**What to do**
From the line that contains "Using a ruler" through the line that contains "We're going to use", output every line of the listing below exactly and leave out all the rest.

**Material supplied**
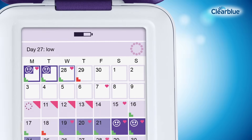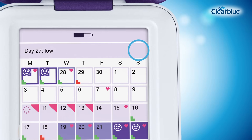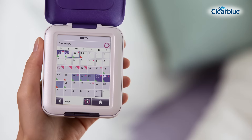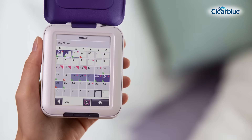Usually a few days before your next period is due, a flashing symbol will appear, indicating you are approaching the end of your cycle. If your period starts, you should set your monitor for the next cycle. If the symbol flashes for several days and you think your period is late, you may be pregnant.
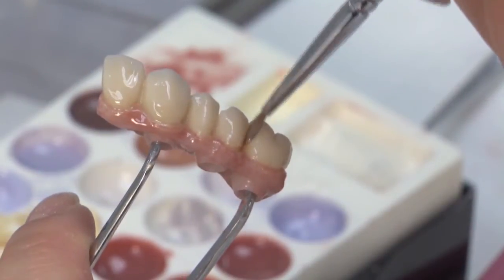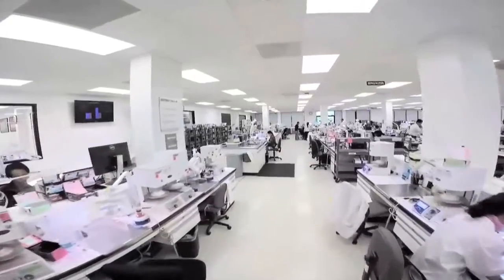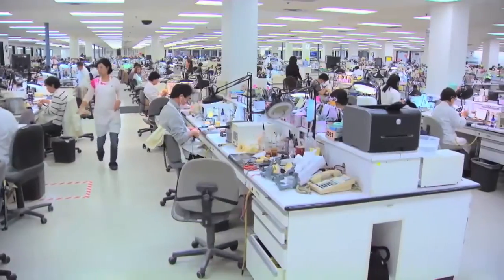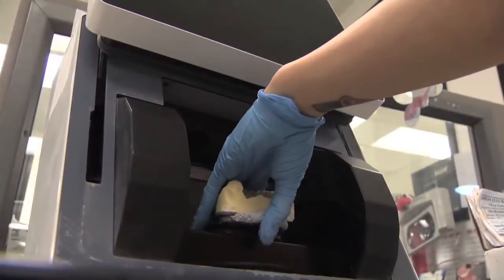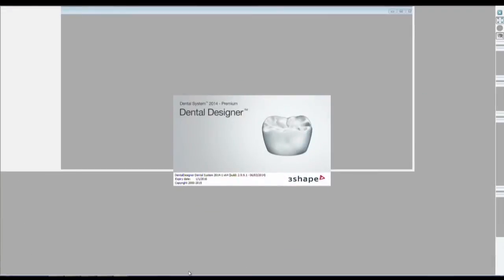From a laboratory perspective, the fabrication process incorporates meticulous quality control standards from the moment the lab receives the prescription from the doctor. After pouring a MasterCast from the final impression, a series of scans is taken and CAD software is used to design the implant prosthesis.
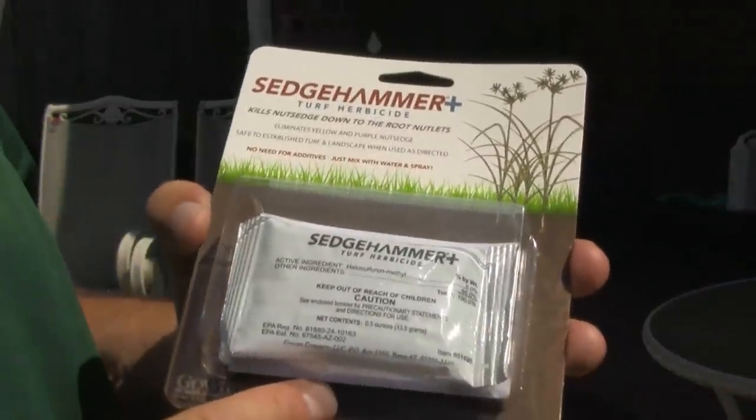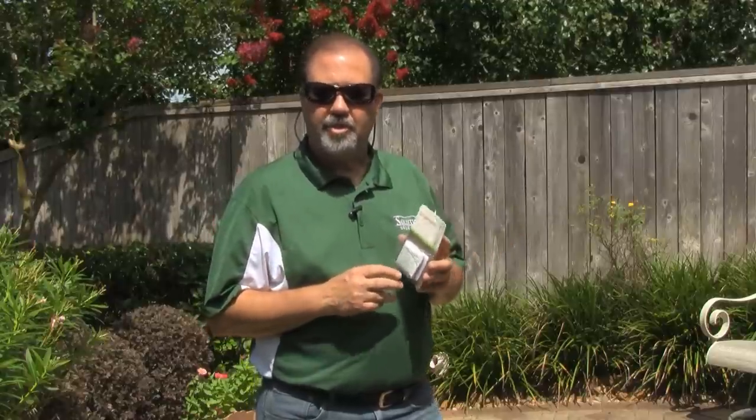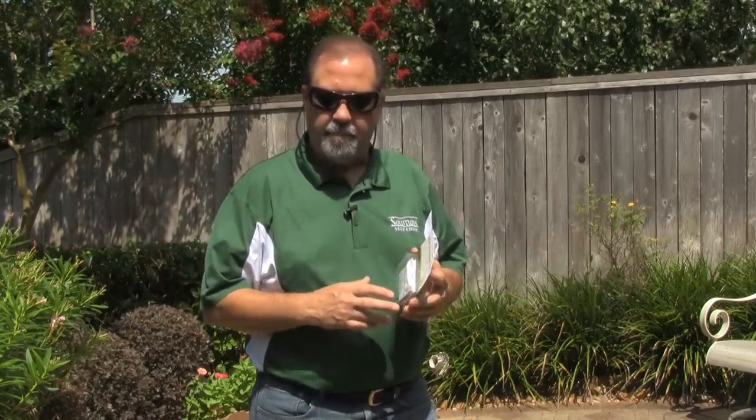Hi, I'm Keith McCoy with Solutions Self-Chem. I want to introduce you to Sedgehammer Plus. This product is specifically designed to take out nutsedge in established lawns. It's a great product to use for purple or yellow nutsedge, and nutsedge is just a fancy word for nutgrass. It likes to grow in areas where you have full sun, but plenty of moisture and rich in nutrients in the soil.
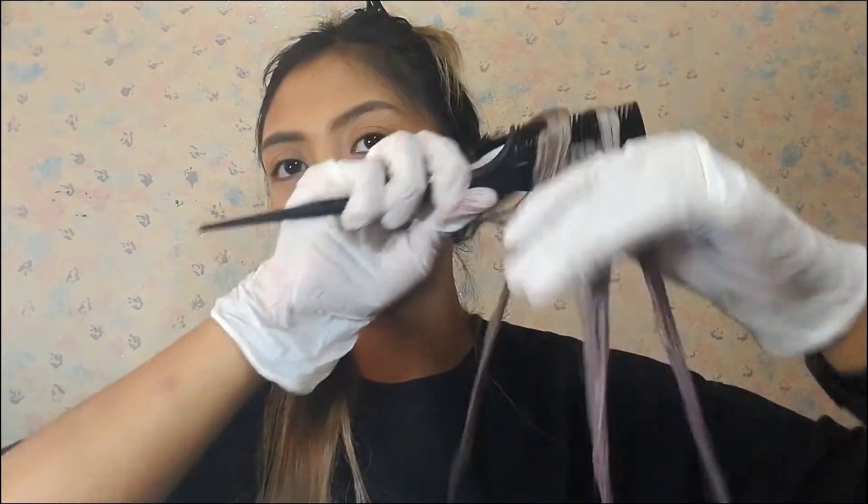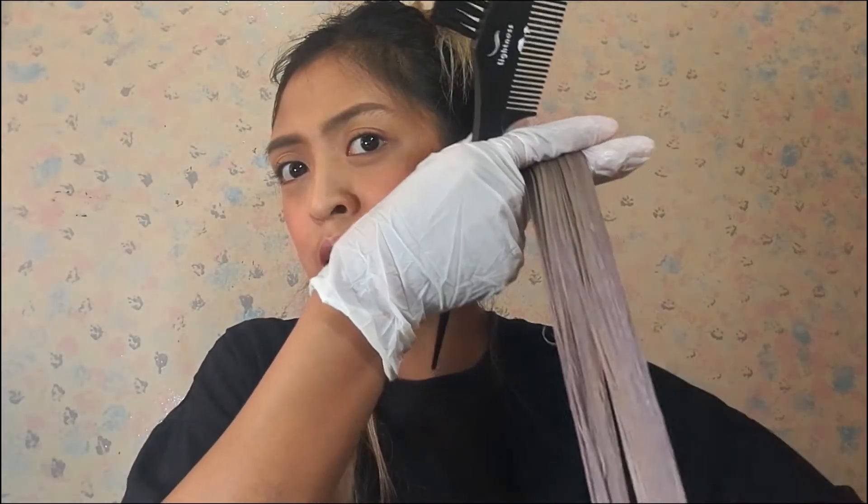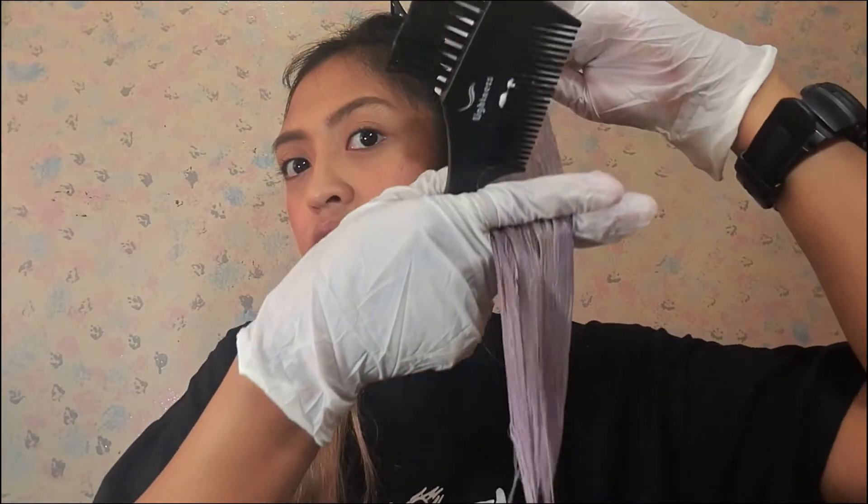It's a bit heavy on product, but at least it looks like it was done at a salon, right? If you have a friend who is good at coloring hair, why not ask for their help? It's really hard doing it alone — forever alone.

---

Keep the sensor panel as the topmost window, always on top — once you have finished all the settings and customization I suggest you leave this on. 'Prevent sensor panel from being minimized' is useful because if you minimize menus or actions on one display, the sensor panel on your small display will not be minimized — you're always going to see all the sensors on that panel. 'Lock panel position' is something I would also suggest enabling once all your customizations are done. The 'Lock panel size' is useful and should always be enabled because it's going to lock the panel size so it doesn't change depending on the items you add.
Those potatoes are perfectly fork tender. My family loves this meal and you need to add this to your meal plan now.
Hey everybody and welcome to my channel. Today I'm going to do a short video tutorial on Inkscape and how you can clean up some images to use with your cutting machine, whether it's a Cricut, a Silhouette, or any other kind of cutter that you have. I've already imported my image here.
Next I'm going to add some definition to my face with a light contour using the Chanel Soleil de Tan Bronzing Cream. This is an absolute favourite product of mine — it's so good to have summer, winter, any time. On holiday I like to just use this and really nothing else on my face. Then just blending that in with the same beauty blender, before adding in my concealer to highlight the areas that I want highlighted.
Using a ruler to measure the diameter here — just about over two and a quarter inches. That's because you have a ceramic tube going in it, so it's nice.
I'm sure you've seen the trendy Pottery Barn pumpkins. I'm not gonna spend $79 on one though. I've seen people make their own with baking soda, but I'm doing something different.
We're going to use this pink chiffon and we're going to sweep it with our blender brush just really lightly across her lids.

**Worked solution**
Using a ruler to measure the diameter here — just about over two and a quarter inches. That's because you have a ceramic tube going in it, so it's nice.
I'm sure you've seen the trendy Pottery Barn pumpkins. I'm not gonna spend $79 on one though. I've seen people make their own with baking soda, but I'm doing something different.
We're going to use this pink chiffon and we're going to sweep it with our blender brush just really lightly across her lids.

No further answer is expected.